╭──

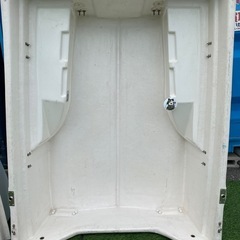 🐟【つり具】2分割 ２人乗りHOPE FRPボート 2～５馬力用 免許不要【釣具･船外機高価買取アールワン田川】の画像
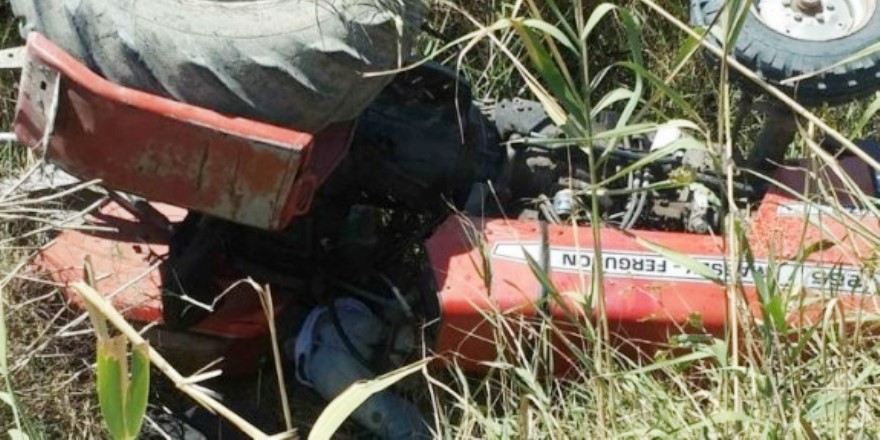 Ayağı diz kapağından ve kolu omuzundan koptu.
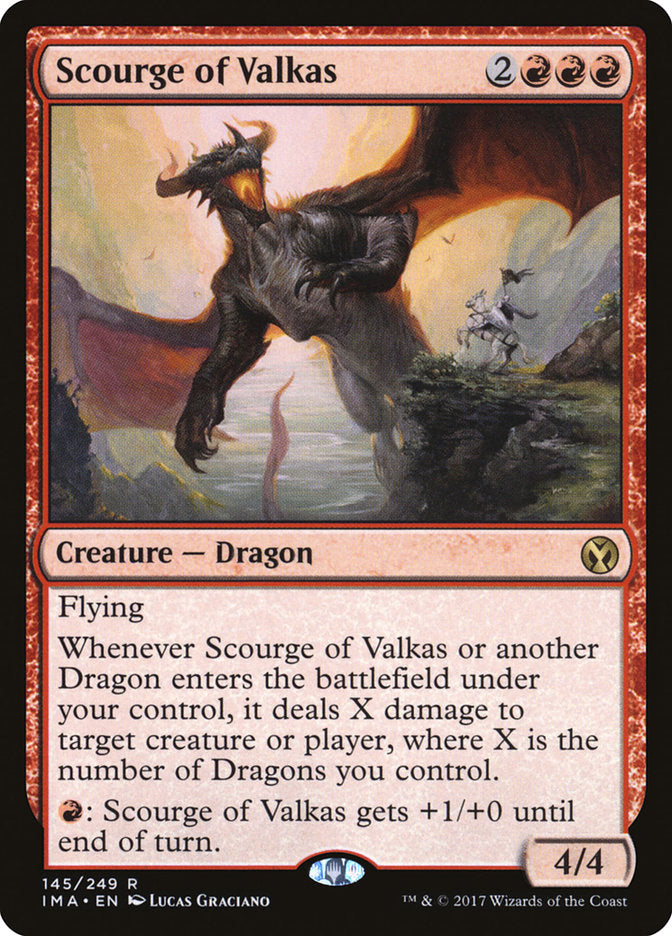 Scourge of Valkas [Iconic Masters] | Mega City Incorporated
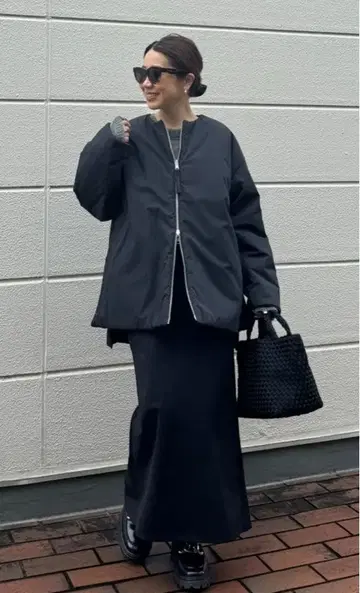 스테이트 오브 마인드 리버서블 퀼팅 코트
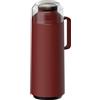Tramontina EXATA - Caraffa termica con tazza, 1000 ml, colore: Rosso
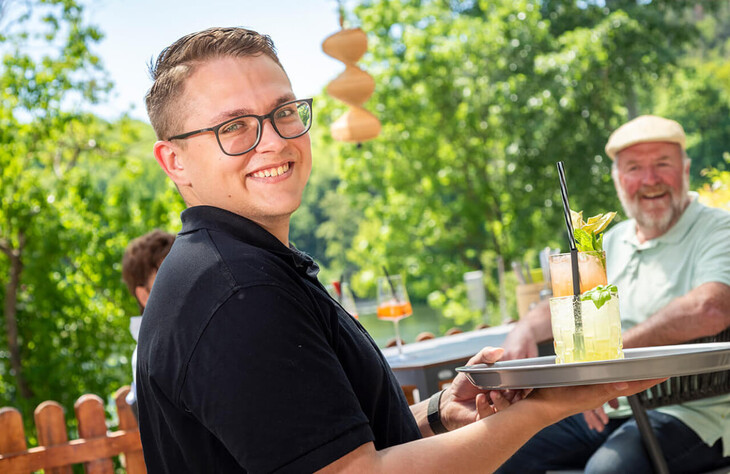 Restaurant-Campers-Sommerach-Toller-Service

╰──

- _REQUIRED WORK_: Transcribe each line above verbatim, with the pictures left out.

- _TASK SOLUTION_:
 🐟【つり具】2分割 ２人乗りHOPE FRPボート 2～５馬力用 免許不要【釣具･船外機高価買取アールワン田川】の画像
 Ayağı diz kapağından ve kolu omuzundan koptu.
 Scourge of Valkas [Iconic Masters] | Mega City Incorporated
 스테이트 오브 마인드 리버서블 퀼팅 코트
Tramontina EXATA - Caraffa termica con tazza, 1000 ml, colore: Rosso
 Restaurant-Campers-Sommerach-Toller-Service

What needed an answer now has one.